La première nouvelle de Tolstoï, Kholstomier (aussi intitulée
le cheval dans d'autres éditions), a eu un immense succès à son époque, même si elle semble aujourd'hui dans l'ombre d'autres de ses grandes oeuvres. Kouprine et Sternheim ne s'y sont pas trompés puisque tous deux lui ont adressé un clin d'oeil dans leur propre nouvelle. Même si j'ai trouvé le passage à la parole du cheval (quand il s'adresse à ses congénères au chapitre V pour leur raconter sa vie) assez brutal, Tolstoï n'en demeure pas moins un formidable conteur. Il parvient à nous embarquer en distillant des réflexions philosophiques. J'ai eu cependant le sentiment qu'il cherchait à mettre en évidence ce qui unissait et différenciait l'homme du cheval à travers des thèmes comme la vieillesse (le parallèle entre la vieillesse de Kholstomier et celle de son ancien maître est superbe), la mort, l'instinct de propriété.
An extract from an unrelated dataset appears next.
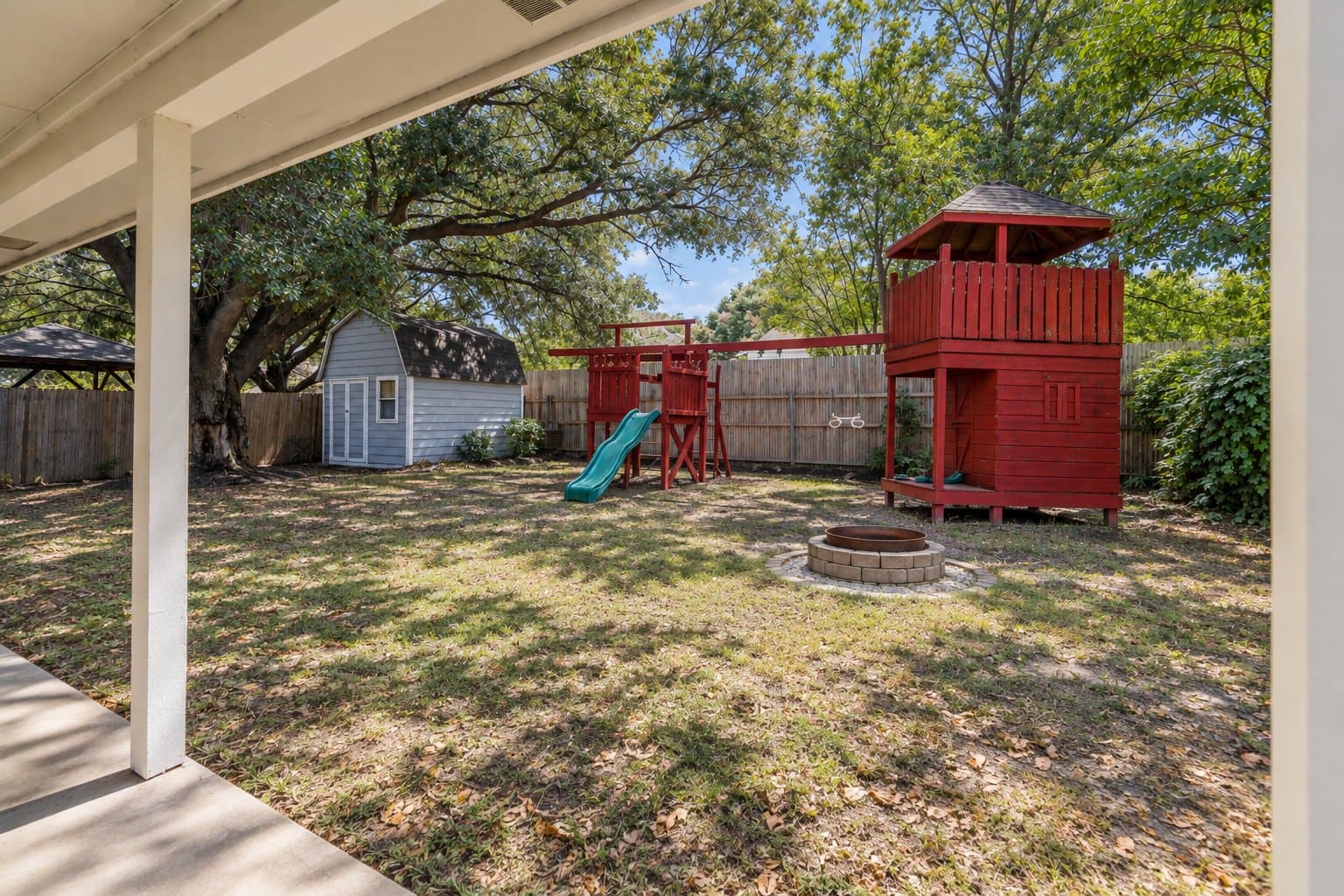 Fort Worth House: 4120 Tulip Tree Court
La construction est très habile et le récit poignant.
La seconde nouvelle, Emeraude de Kouprine, est très courte (une trentaine de pages) mais dégage une aura magnifique. C'est sans doute elle qui a ma préférence. Sa force est de ne pas utiliser d'artifices destinés à donner la parole ou un sens critique au cheval. Non, elle se met à la place du cheval et tente de nous transmettre l'essence de ce qu'il est.
le cheval, bien qu'humanisé pour les besoins de l'histoire, reste un cheval. C'est un récit superbe d'une grande sensibilité, tout en rythme, en gestes, en postures mais qui s'attache peut-être plus à la forme qu'au fond. Toutefois, je doute que l'on puisse comprendre toute la profondeur de ce récit sans les éclaircissements apportés dans la préface par
Jean-Louis Gouraud sur le scandale des années 1900 dont a été victime l'étalon qui a inspiré cette nouvelle. Quand je les ai lus, je me suis prise une seconde gifle !
La dernière nouvelle, Libussa de Sternheim, est celle qui m'a le moins convaincue. le subterfuge utilisé pour amener la jument à la parole n'est pas très crédible. Libussa est bien trop humanisée, au point que l'on finit par ne plus faire la distinction entre l'homme et
le cheval. En plus, elle est, selon moi, un peu trop prude et puritaine, surtout au début. Si l'objectif de l'auteur était de pointer du doigt les contraintes des juments/femmes, en ce qui me concerne, c'est un peu raté. En revanche, il a le mérite de d'aborder la grande Histoire sous un autre éclairage. Car Libussa a appartenu successivement, excusez du peu, à la tsarine Alexandra Féodorovna, Edouard VII et Guillaume II. Alors elle en a des choses à raconter sur les hommes… D'après moi, les passages les plus intéressants concernent les échanges de Libussa avec l'un de ses congénères prorévolutionnaires ainsi que ceux sur Guillaume II, qui apportent une dimension inattendue sur le monarque.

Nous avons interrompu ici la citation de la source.